Hoy, víspera de que Enrique Peña Nieto rinda protesta como Presidente
Constitucional de los Estados Unidos Mexicanos (denominación que no le gusta a
don Felipe Calderón) el PRI ha convocado a las principales fuerzas política
representadas en el Congreso de la Unión a suscribir un gran pacto que, de
acuerdo con su presidente nacional, Pedro Joaquín Coldwell debe contener cinco
grandes acuerdos que entrañan reformas legislativas lo mismo en materia
energética que hacendaria y de seguridad social.
¿Y? ¡Adivinó usted! La Comisión Política Nacional del PRD
condicionó sumarse a este pacto nacional. El PAN ha procedido con mesura; al
final del día el albiazul sabe de qué se trata y no descarrilará su aspiración de
volver a Los Pinos.
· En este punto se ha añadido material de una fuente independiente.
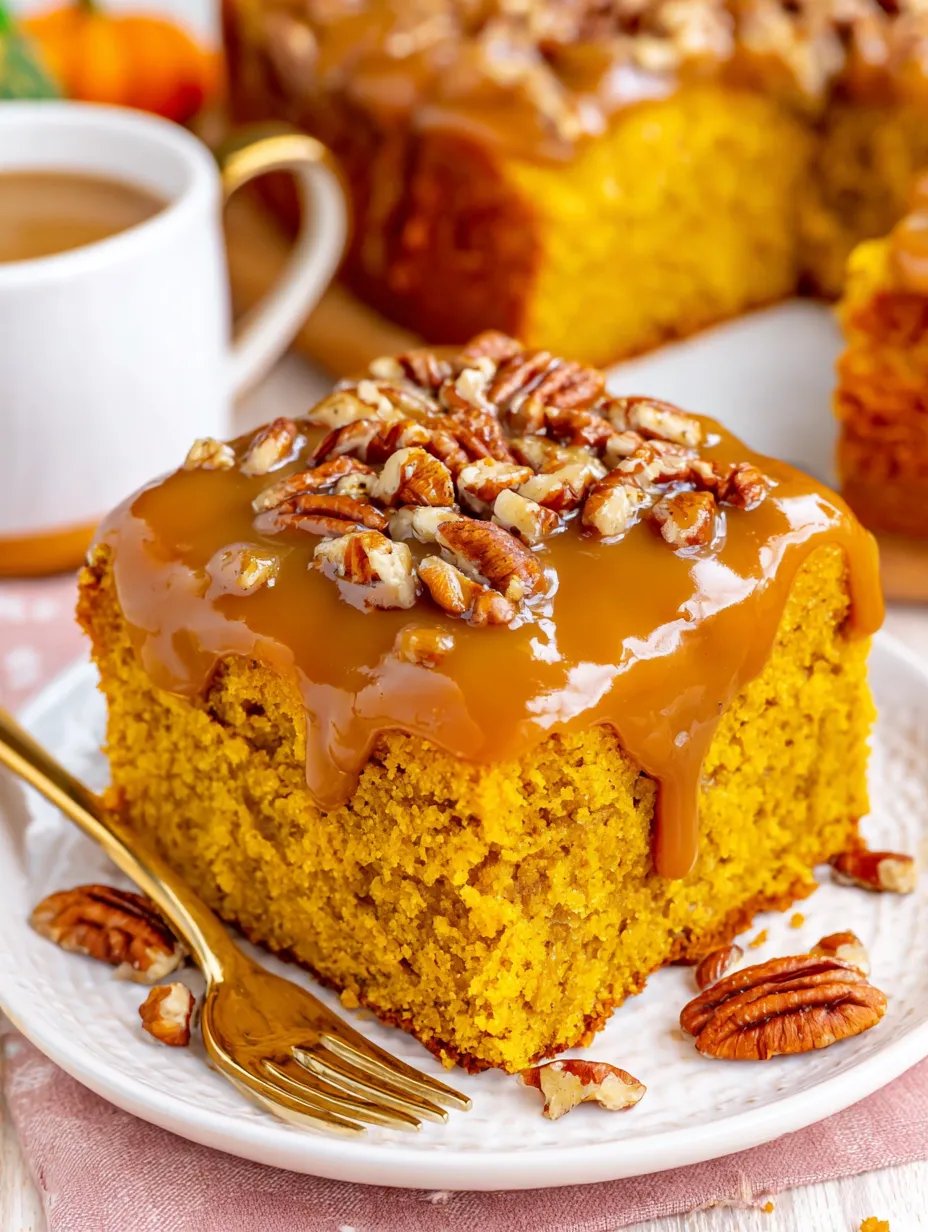 A slice of pumpkin snack cake praline with a fork on a plate.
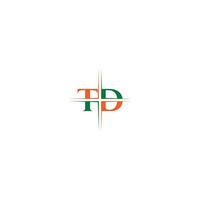 alfabeto iniciais logotipo td, dt, t e d vetor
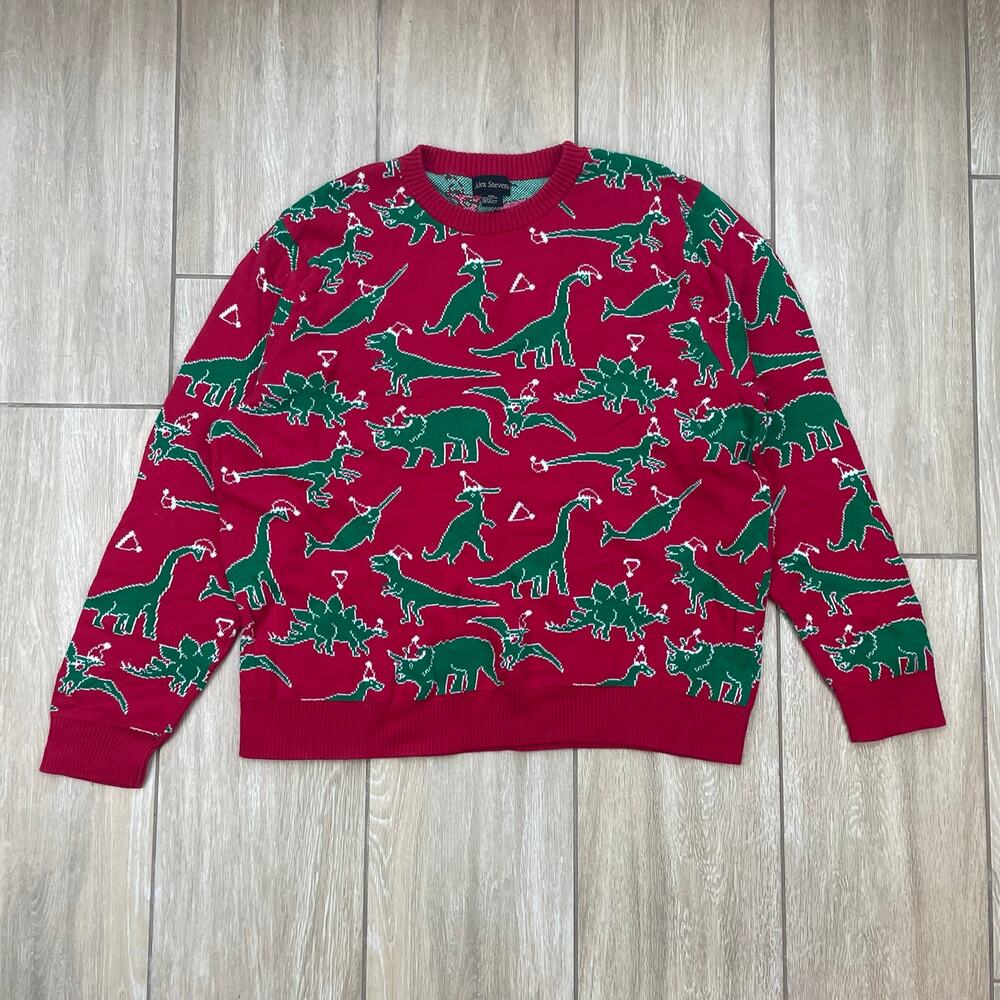 Alex Stevens Christmas Sweater Mens XXL Red Green Dinosaur Ugly Holiday Cotton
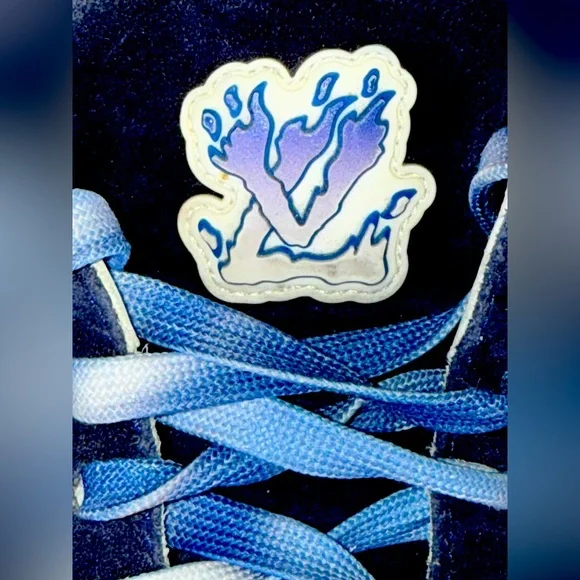 LOUIS VUITTON OLLIE RICHELIEU LOW TRAINERS IN BANDANA BLUE/WHITE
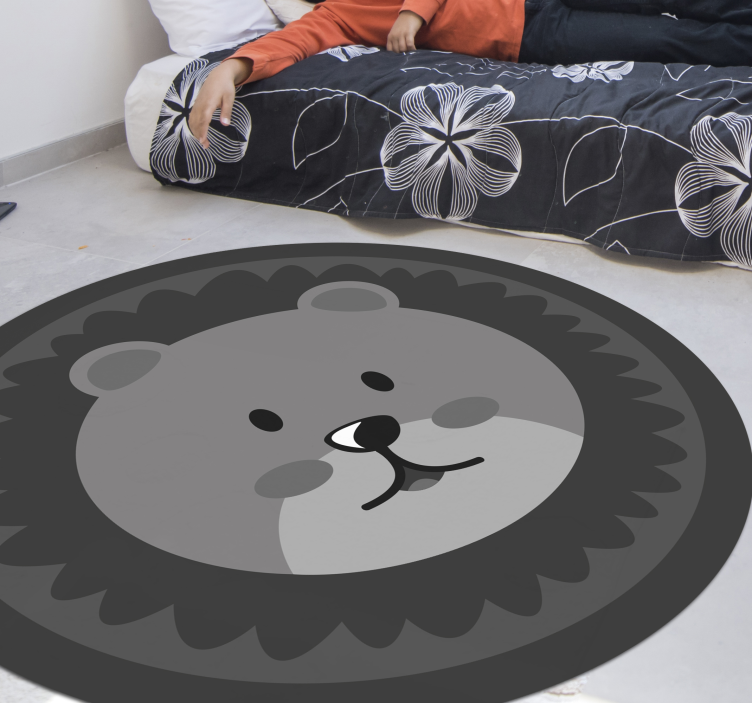 Tapis vinyle bébé joli visage de lion - TenStickers
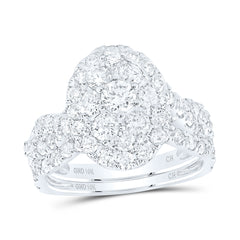 2CTW-DIA CN 1/5CT-CRD DOUBLE HALO  BRIDAL SET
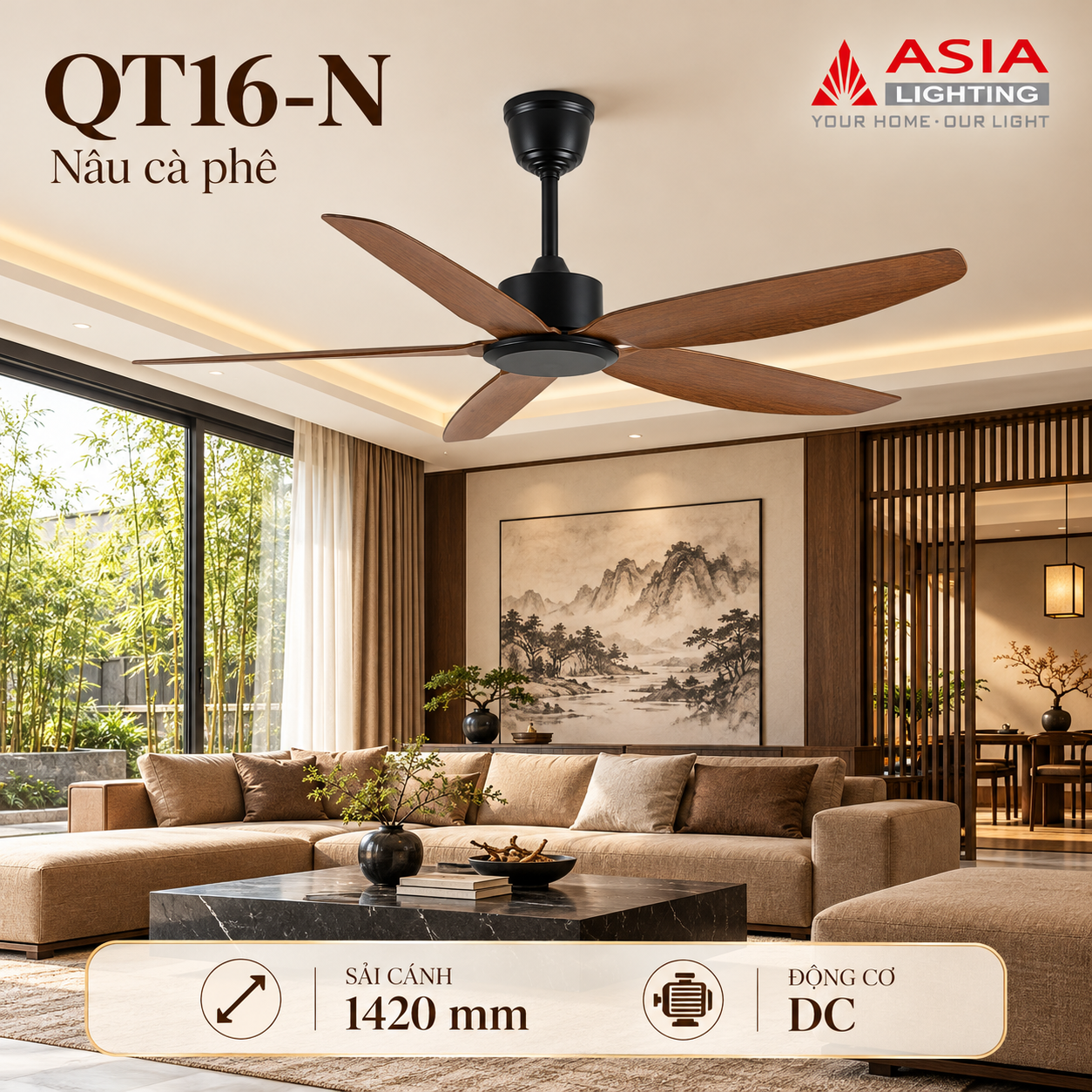 Quạt trần QT16-N, penthouse Á Đông-49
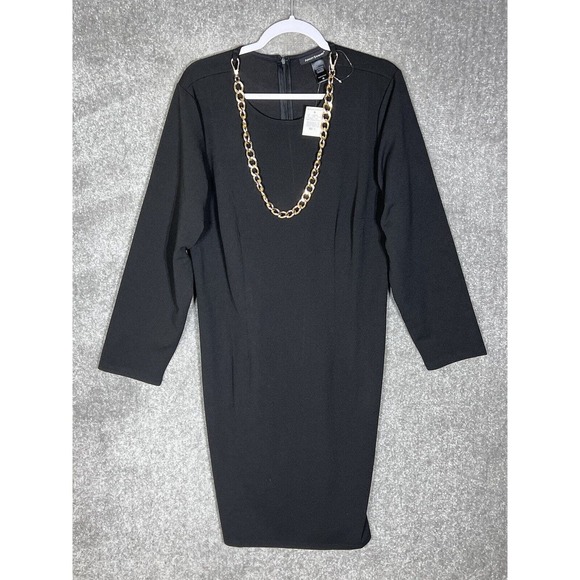 Ashley Stuart‎ Dress Womens Size 16 Stretch Black Long Sleeve Removeable Chain - Picture 1 of 8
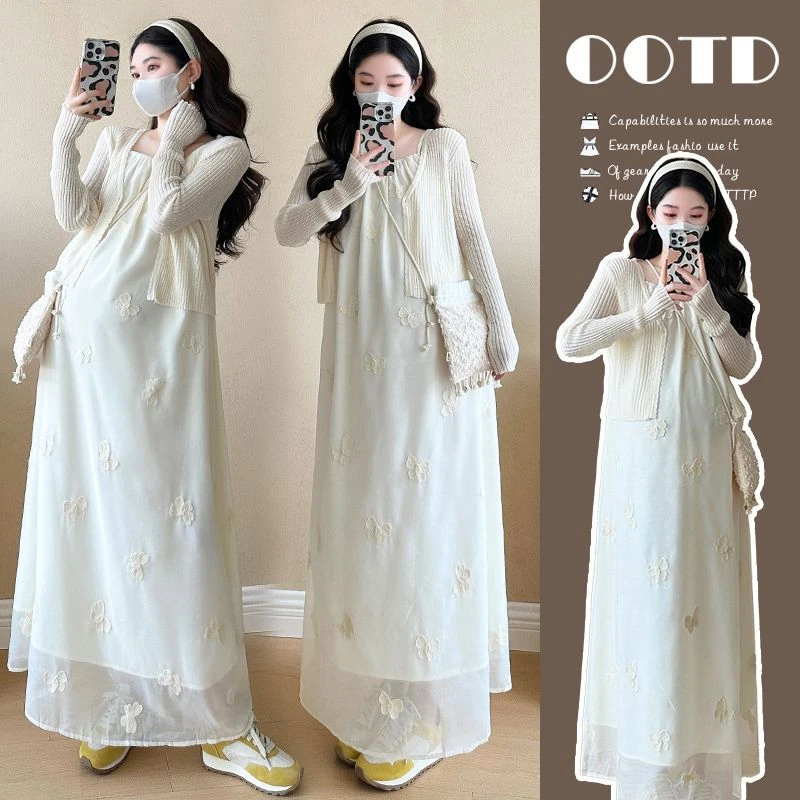 【枫丽】2025春夏新款孕妇茶歇法式蝴蝶绣花吊带裙连衣裙外搭开衫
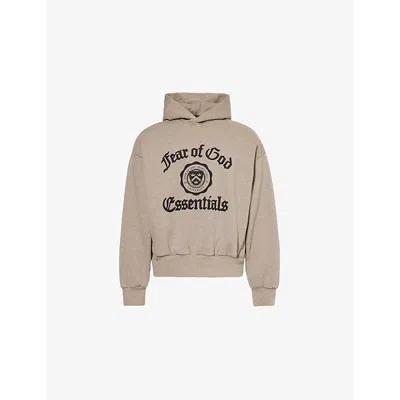 Essentials Mens Fear Of God  Shrunken Text-print Cotton Hoody In Heather Gray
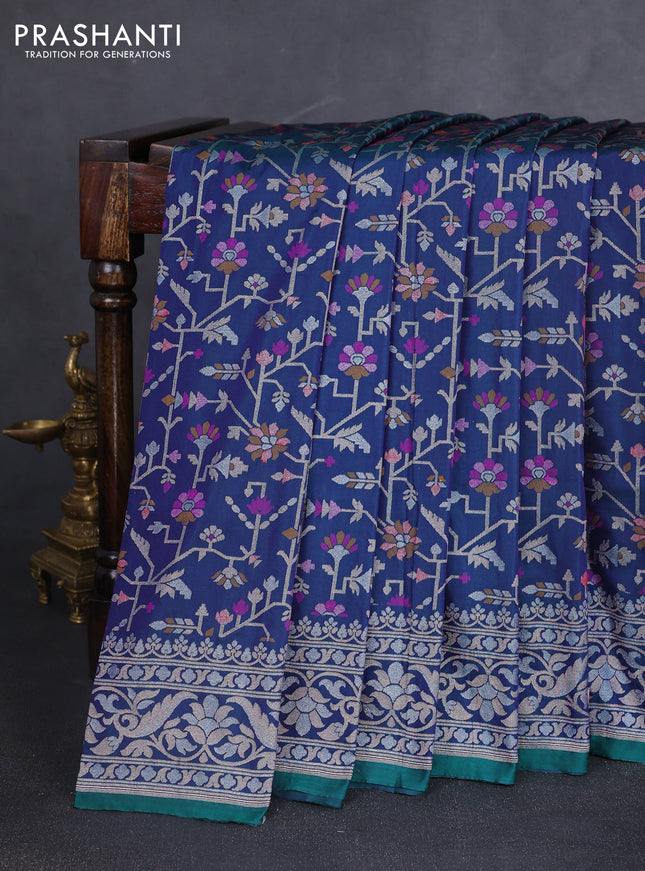 Banarasi semi katan silk saree navy blue with allover jamdhani weaves and zari woven border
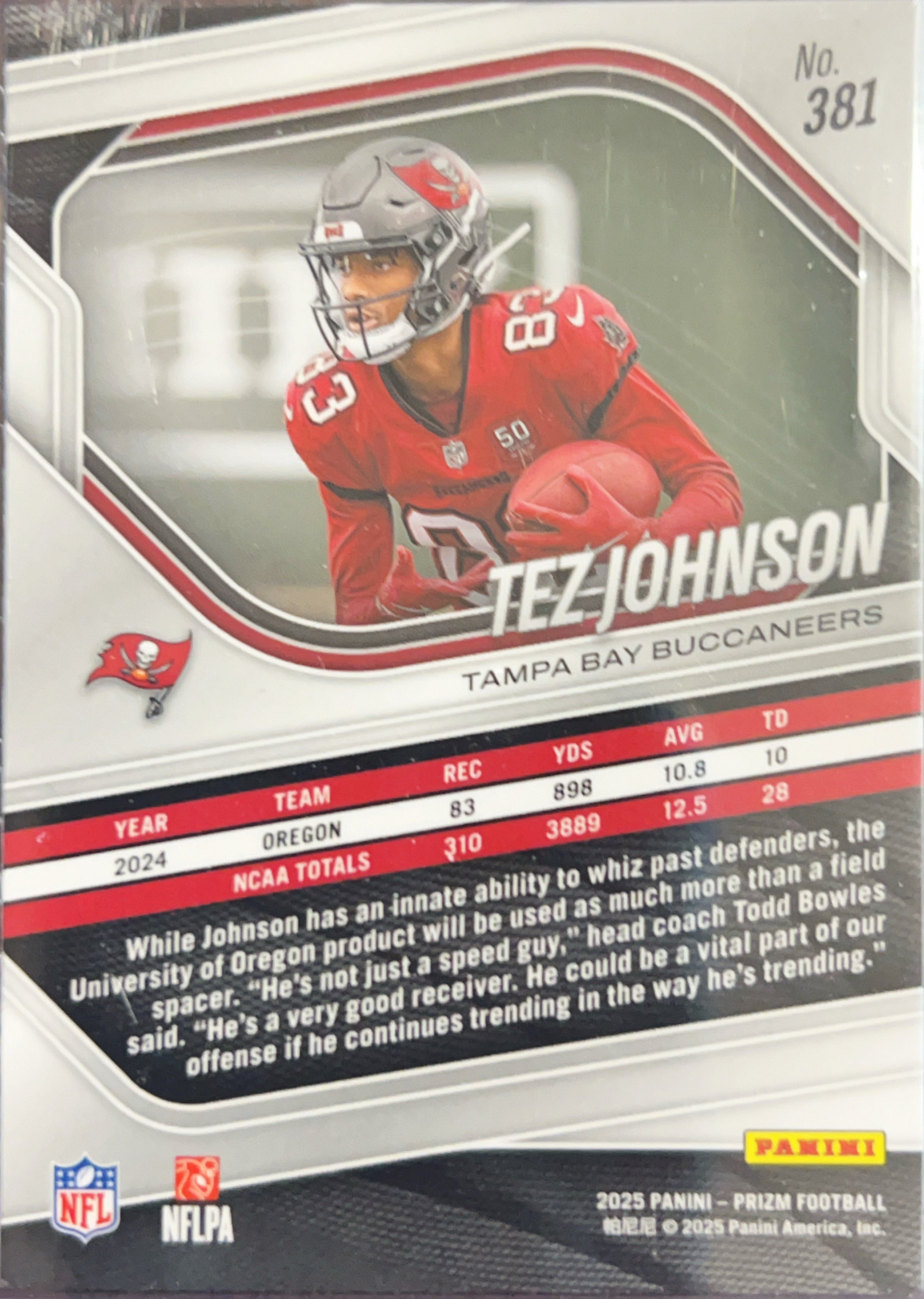 2025 Panini Prizm Football Tez Johnson #381 Silver RC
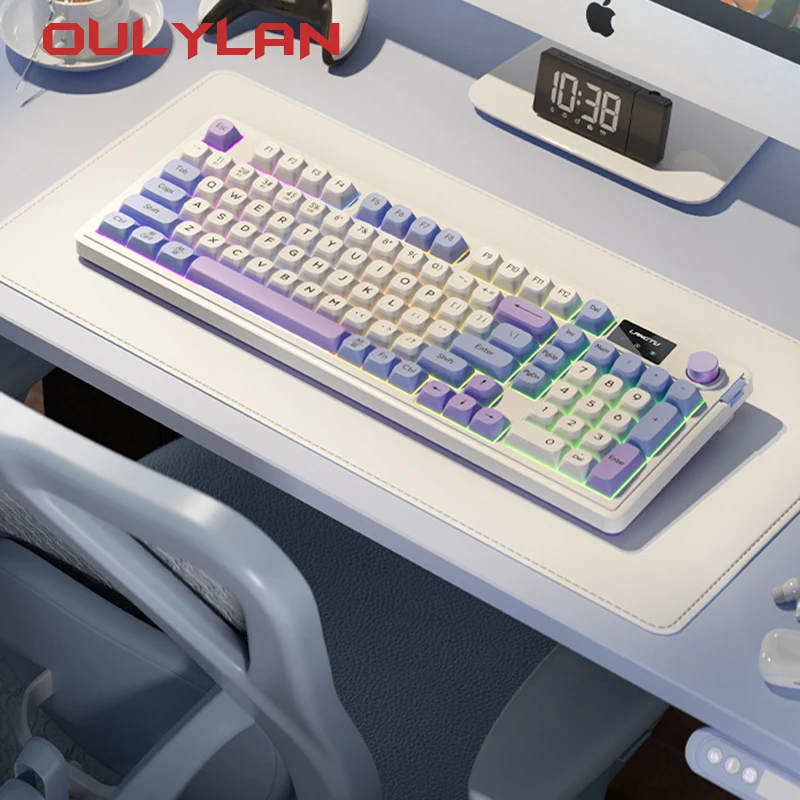 

L98 Third Mode Bluetooth Wireless 2.4G Wired Keyboard Mechanical Touch Feel E-sports Office RGB Luminous Keyboards Computer 2024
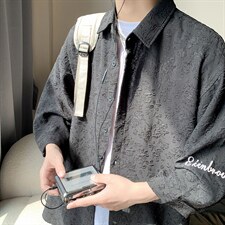 1港风花型七分袖衬衫男大码M-5XL风情侣衬衫男QCS7023P45控68，男装衬衫，星座226-2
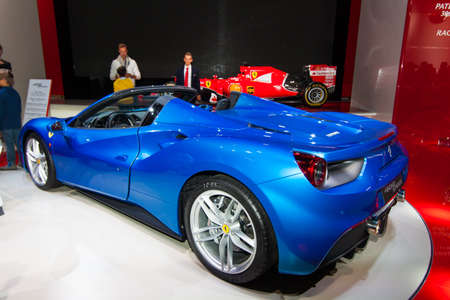 FRANKFURT, GERMANY - SEPTEMBER 23, 2015: Frankfurt international motor show (IAA) 2015. Ferrari 488 GTS Spider.のeditorial素材
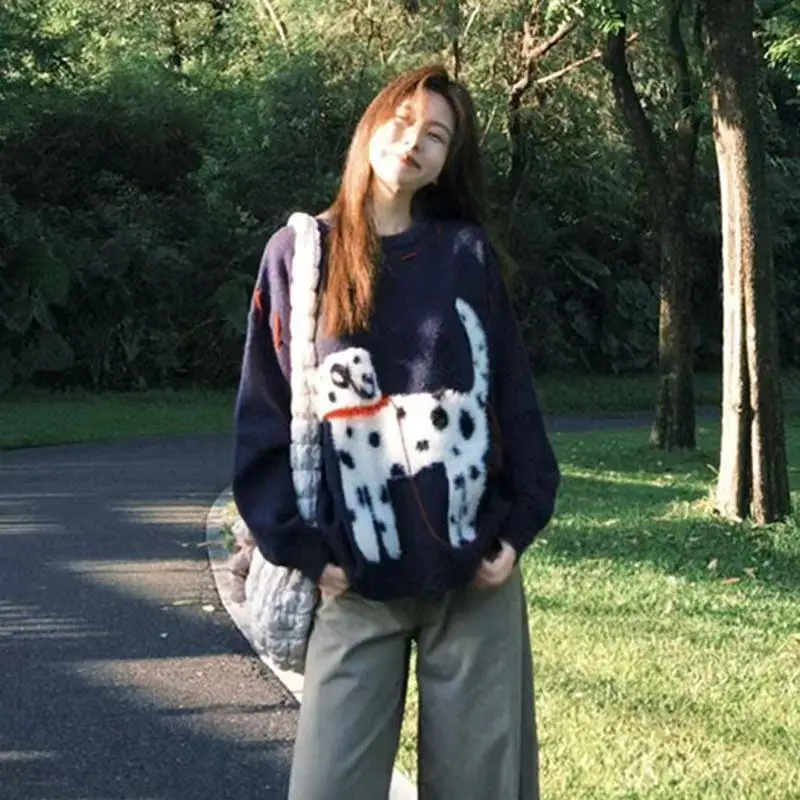 

Korean Cute Puppy Embroidery Soft Fur Knitted Thick Winter Sweater O-Neck Sweatshirts Loose Full Sleeve Cartoon Jumper Tops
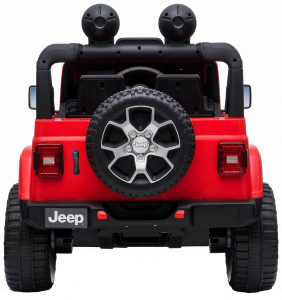 Masinuta electrica Jeep Wrangler Rubicon 12V, 2 motoare, roti EVA, scaun piele ecologica, rosu [15]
Sin duda, Enrique Peña Nieto quiere llevar la fiesta en
paz, pero igual su objetivo es mantener al PRI en la Presidencia y, para ello,
la demagogia no es un buen condimento, mucho menos la imposición, sí la
propuesta y el consenso.
Nada por la fuerza, todo por la razón y el derecho, reza una
máxima juarista. Y, hasta donde sabemos, Juárez retorna a Los Pinos. Hoy, los
pactos, los acuerdos tienen otra connotación, hay otra sociedad y ésta no
comulga con procedimientos violentos. Conste.